The rule is that the conditional must fit one of the following descriptions:

The first condition makes a downward selection, in which case none of the actions and none of the subsequent conditions may make a downward selection (they must all be "motionless")
The first condition makes no downward selection, in which case each of the actions is allowed to make a downward selection (but subsequent conditions must not do so).

So examples of permitted conditionals are:

if (@a = 3) then b else c
if (a = 3) then @b else @c

while the following are not permitted:

if (a = 3) then b else c
<xsl:choose> <xsl:when test="a=3">foo</xsl:when> <xsl:when test="a=4">bar</xsl:when> </xsl:choose>

Looping instructions

This applies primarily to xsl:for-each and xsl:iterate. In addition, an XPath expression for $x in SEQ return E is translated to an equivalent xsl:for-each instruction, provided that E does not depend on the context item, position, or size.

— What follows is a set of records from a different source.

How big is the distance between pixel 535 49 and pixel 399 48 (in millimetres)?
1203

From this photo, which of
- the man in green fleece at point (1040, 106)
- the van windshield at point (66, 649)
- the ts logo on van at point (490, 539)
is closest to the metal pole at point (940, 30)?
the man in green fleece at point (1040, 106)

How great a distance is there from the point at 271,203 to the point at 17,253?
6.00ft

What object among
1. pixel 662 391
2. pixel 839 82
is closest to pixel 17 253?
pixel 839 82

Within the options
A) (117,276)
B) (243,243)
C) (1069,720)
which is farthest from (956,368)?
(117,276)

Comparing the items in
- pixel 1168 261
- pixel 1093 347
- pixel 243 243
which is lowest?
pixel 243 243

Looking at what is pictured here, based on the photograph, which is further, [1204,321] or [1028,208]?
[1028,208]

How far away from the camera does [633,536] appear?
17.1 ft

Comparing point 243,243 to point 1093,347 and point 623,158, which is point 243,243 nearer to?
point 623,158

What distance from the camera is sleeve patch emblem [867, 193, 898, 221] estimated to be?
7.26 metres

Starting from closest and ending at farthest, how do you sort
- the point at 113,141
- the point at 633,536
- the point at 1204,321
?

The common case is where the select expression and the loop body each make a downward selection, for example:

<xsl:for-each select="employee"> <salary><xsl:value-of select="salary"/></salary> </xsl:for-each>

The body of the loop may only make a single downwards selection of this kind.

No sorting is allowed.

If the select expression does not make a downward selection, then the loop body must not perform any navigation from the context node. This is because the same navigation would have to take place more than once, which is inconsistent with streaming.

Saxon handles the case where some reordering of the output is required. This arises when the select expression uses the descandant axis, for example:

<xsl:for-each select=".//section"> <size><xsl:value-of select="string-length(.)"/></size> </xsl:for-each>

In this example, given nested sections, the downward selections for each section needed to evaluate string-length() overlap with each other, and the string-length of section 2.1 (say) must be output before that of its children (sections 2.1.1 and 2.1.2, say), even though the computation for the children completes earlier. Saxon achieves this by buffering output results where necessary to achieve the correct ordering.

It is of course quite permissible to call xsl:apply-templates within the body of the xsl:for-each; this will count as the one permitted downward selection.

It is permitted to call position() within the loop, but not last().

Grouping

Saxon supports grouping in streamed mode using <xsl:for-each-group>, with a number of restrictions:

The grouping algorithm must be one of adjacent, starting-with, or ending-with. The group-by method is not supported, because it is intrinsically unstreamable.
Nested grouping is not allowed.
The current group must be bound using the new bind-group attribute, not using the traditional current-group() function.
The body of the xsL:for-each-group instruction must not use the context item (but it can refer to position()).
The body of the xsL:for-each-group instruction must use the bound grouping variable exactly once. It is not allowed to have a conditional expression with references to the grouping variable in each branch of the conditional.
Each item selected by the select expression of xsl:for-each-group is materialized in memory while it is being processed.

Sorting and numbering

Sorting (xsl:sort) and numbering (xsl:number) are not supported in streaming mode.